DAVE FURRY, NMSUG member. Dave arrived in Los Angeles early to participate in some pre-arranged SolidWorks beta testing. He played with SolidWorks Visualize (formerly Bunkspeed). He played with SolidWorks TreeHouse which is an add-on included with all versions that creates a graphical tree map to depict a BOM. Dave enjoyed an appearance by Mark Tremonti, founding member and guitarist for the bands Creed and Alter Bridge. Tremonti regaled the audience with some riffs from his SolidWorks designed electric guitar. Dave attended several sessions on the new PDM Standard. He indicated that a business that is entrenched with Workgroup would be well advised to contract with a migration specialist to help with the transition to PDM Standard. Dave walked by the Staple Center every day and was disappointed the Lakers were not in town.
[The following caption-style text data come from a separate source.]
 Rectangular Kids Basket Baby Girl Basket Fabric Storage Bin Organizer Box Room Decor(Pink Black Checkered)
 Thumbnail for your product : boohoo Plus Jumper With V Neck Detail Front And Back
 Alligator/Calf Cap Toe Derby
The coolest thing he saw was a 20 foot tall robot with a pilot’s chair.
RANDY LYNN (did not attend this year) mentioned that it costs about $1000 to attend SolidWorks World but user group leaders and presenters get a free admission. You can eat and drink for free once you are there.
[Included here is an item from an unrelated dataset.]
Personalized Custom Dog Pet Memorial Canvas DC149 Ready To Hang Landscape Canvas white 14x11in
Announcements: Here is some tentative information on upcoming meetings.
June 14th – We will celebrate the 10th year of NMSUG. Richard Doyle, SolidWorks User Group Coordinator is coming. Rachel York from SolidWorks will talk about the “certification game.” We also hope Brad Blake from MarkForged can demonstrate their 3D carbon fiber printer.
August 9th - DriveWorks, SolidWorks CAM (Toolpath generation from within SolidWorks).
October 1lth – the topic for this meeting may be SolidWorks PDM Standard
SCHWAG and SPECIAL RECOGNITION
SolidCAM sent a box of schwag that included some crude T-shirts, polo shirts (XXL), mousepads and magnets.
Yet Again, Professor Eduardo Gamillo drove up from Las Cruces with some of his Engineering Technology 317 Advanced Manufacturing students expressly to attend our user-group meeting. Eduardo has been making the three-hour drive (one-way) to our meetings for at least a couple of years now. He always has a few students in tow. They hang out afterwards and visit before making the trip back to Las Cruces. This time however, Eduardo came with eight students (a record). Seven of them rode in two cars and Jagg Lovato followed them up on his motorcycle. For his effort and dedication, Jagg got first pick from the schwag pile.
Eduardo, Jagg, Steven, Jake, Austin, Blake, Daniel, Macklin, and Devon, we hope you made it back safe and in time to attend class on Thursday morning. Be sure you stay in touch – especially you guys with summer internships in Albuquerque.